Peneliti Carloz Rodriguez-Navaro dkk dalam jurnal Science Advances baru-baru ini melaporkan, plester khas suku Maya dibuat slaking (pencampuran) antara kapur (kasium oksida) dan air, lalu ditambah getah dari kulit kayu spesies pohon lokal, yaitu Chukum dan Jiote.
Tim peneliti bekerja sama dengan tukang batu keturunan suku Maya setempat di Copan, Honduras. Kawasan ini dahulu adalah pusat peradaban Maya besar sebelum orang Spanyol menjajah wilayah Amerika Tengah.
Studi Plester Bangunan Kuat Khas Suku Maya
Analisi komparatif tim peneliti mendapati, plester buatan sekitar tahun 540-850 M mirip dengan dengan hasil buatan peneliti yang meniru komposisi 'resep' suku Maya.
Rodriguez-Navaro dkk memperkirakan, plester yang diresapi getah ini dipakai tukang batu Maya karena tahan air dan meningkatkan daya tahan serta plastisitasnya.
Ia menggarisbawahi, formula plester, semen, dan beton sejak zaman prasejarah dan zaman kuno sudah dicoba nenek moyang. Hanya saja, resep persis yang mereka pakai tidak selalu terwariskan dengan utuh, termasuk dalam kasus suku Maya ini.
Dibandingkan dengan praktik orang Romawi kuno, kapur sama-sama dicampur dengan air. Bedanya, orang Romawi kuno menggunakan teknik pencampuran panas sehingga tercipta beton yang sangat tahan lama.
Peneliti menambahkan, praktik menambahkan zat organik alami juga ditemukan di berbagai peradaban kuno lainnya.
Contohnya, orang China kuno membuat mortar kapur-beras ketan.

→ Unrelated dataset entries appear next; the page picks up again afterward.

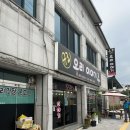 규로 오리이야기 이미지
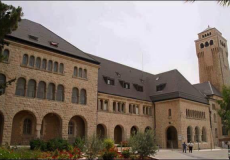 مستشفى المطلع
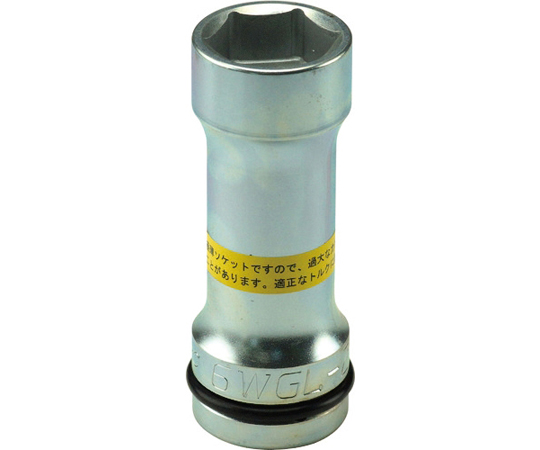 インパクト用スーパースリム浅口ソケット 薄型浅口ロングソケット 6角 差込角19mm 対辺27mm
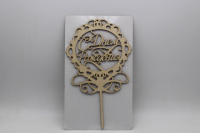 Заготовка для декорирования украшение для торта "С днем рождения" фанера ВД-113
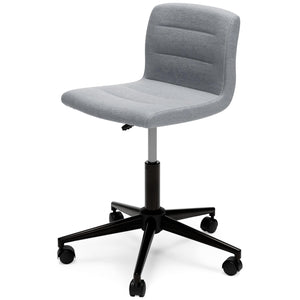 Beauenali - Home Office Desk Chair (1/cn) - Furnish 4 Less 98 (NY)*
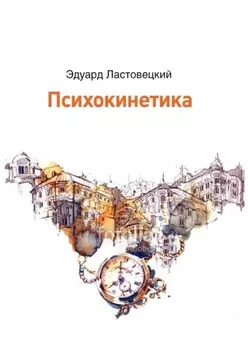 Психокинетика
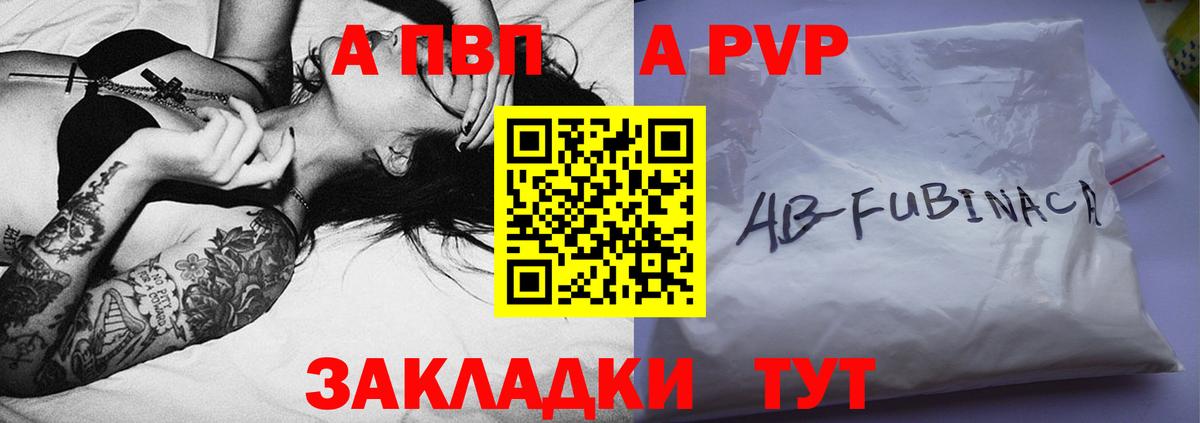 Alfa_PVP VHQ  Вход с VPN  Усолье-Сибирское  А ПВП кристаллы  сколько стоит  A PVP VHQ 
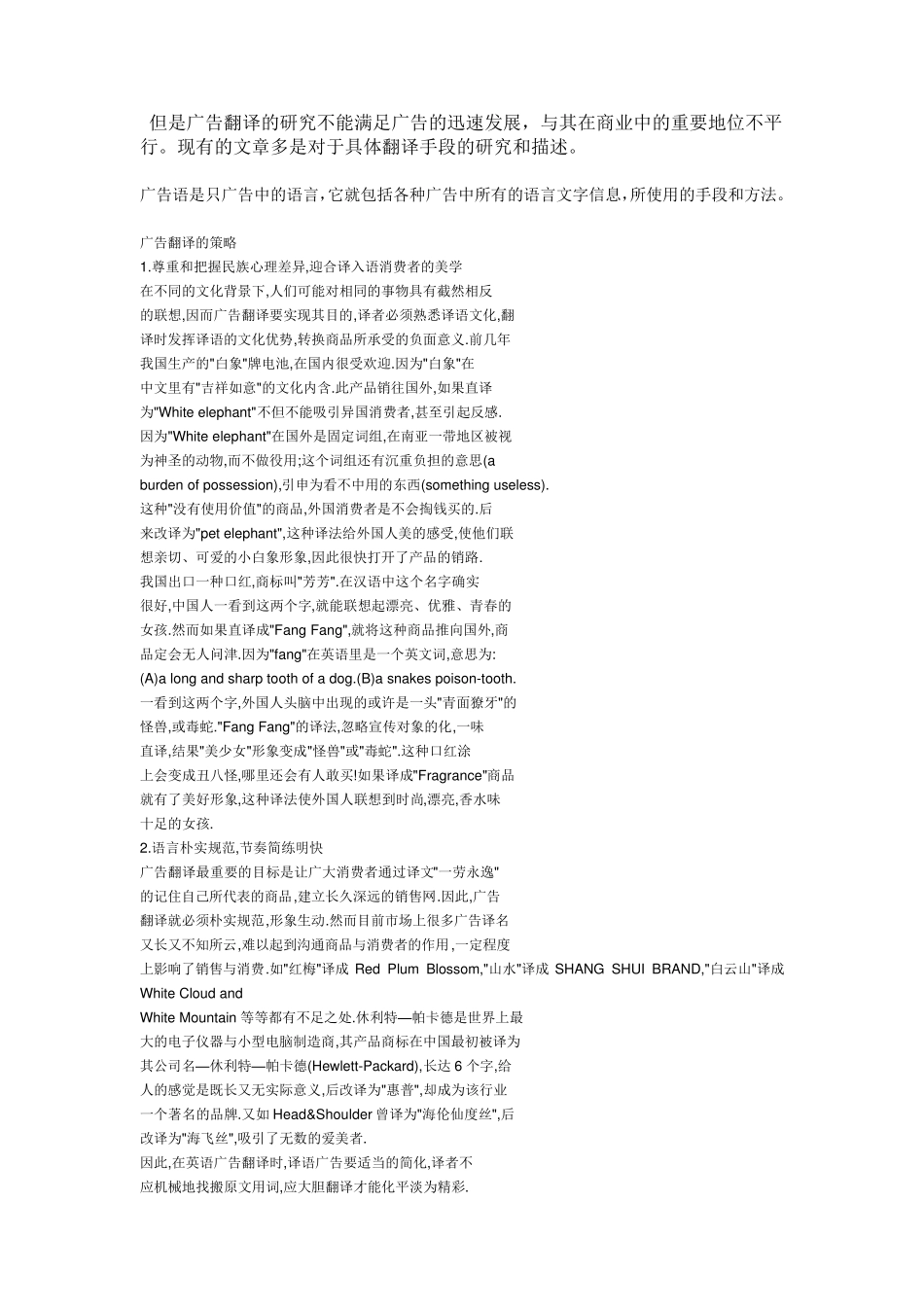 广告翻译开题报告_第2页
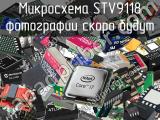 Микросхема STV9118 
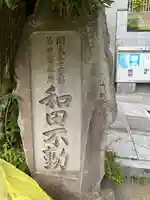 真福寺(神奈川県)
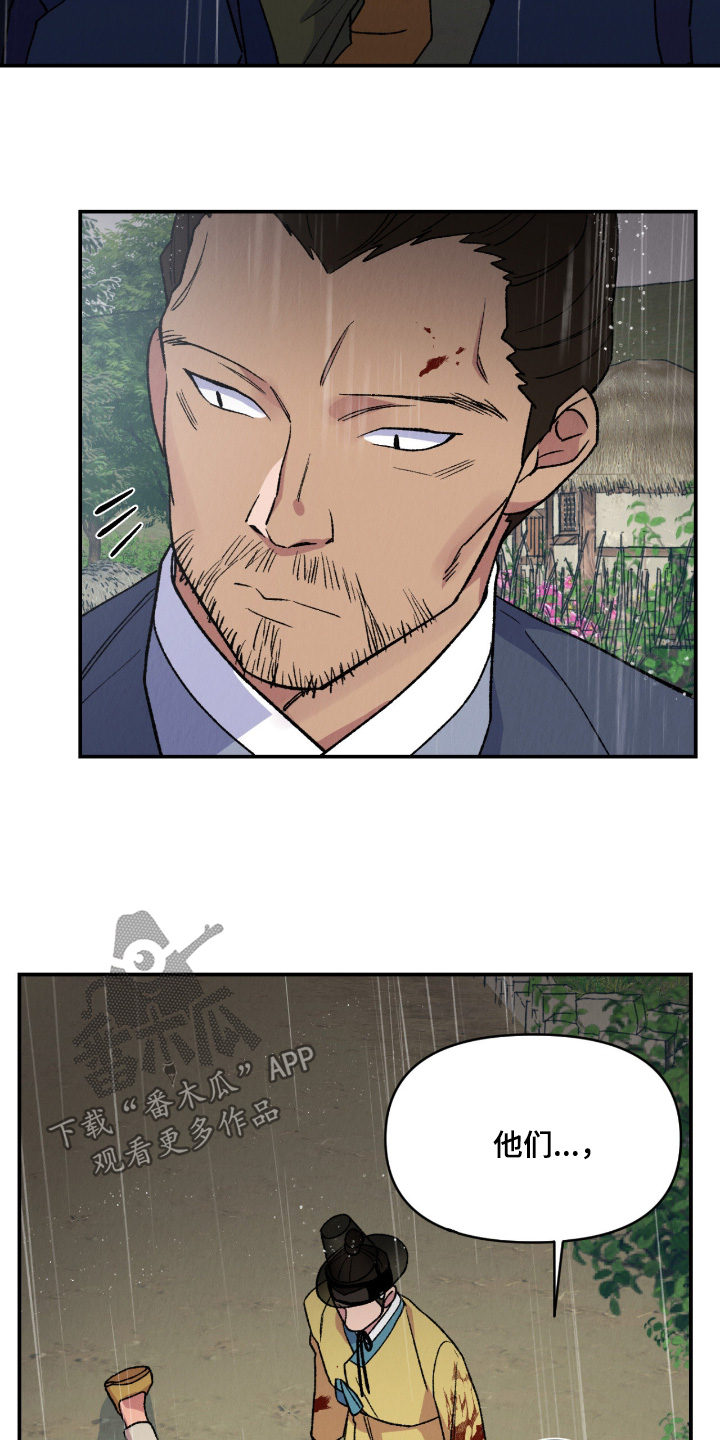烙印之笼男主漫画,第79章：要幸福4图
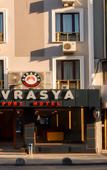 Туры в отель Avrasya Port Hotel Туры в отель Avrasya Port Hotel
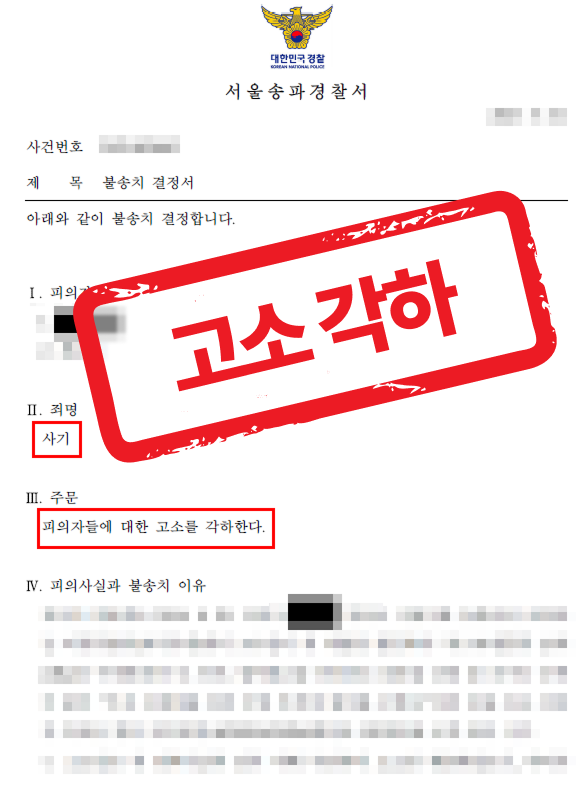 낙찰계 불입금 5천여만 원을 미지급 사기 고소되었으나 각하로 불송치 받은 사례 — 형사 전문 변호사의 실전 변론
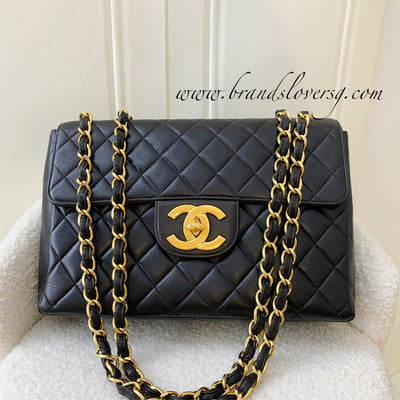 Chanel Vintage Square Mini Flap in Black Lambskin and 24K GHW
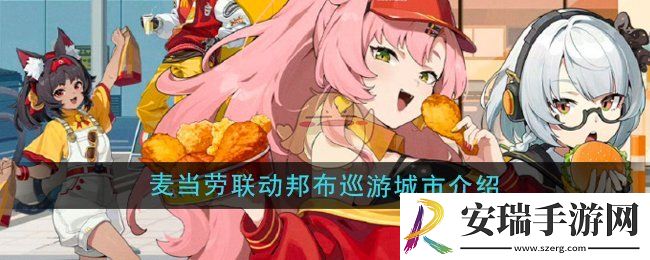 绝区零麦当劳联动邦布巡游城市有哪些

Ada juga peradaban kuno yang coba menambahkan ekstrak buah, lemak hewan, bir, dan darah untuk campuran plester.
"Studi kami membantu menjelaskan peningkatan performa mortar kapur dan plester dengan zat tambahan organik yang dikembangkan tidak hanya oleh tukang batu suku Maya, tetapi juga oleh peradaban kuno lainnya itu," tulis Rodriguez-Navaro dkk dalam jurnal.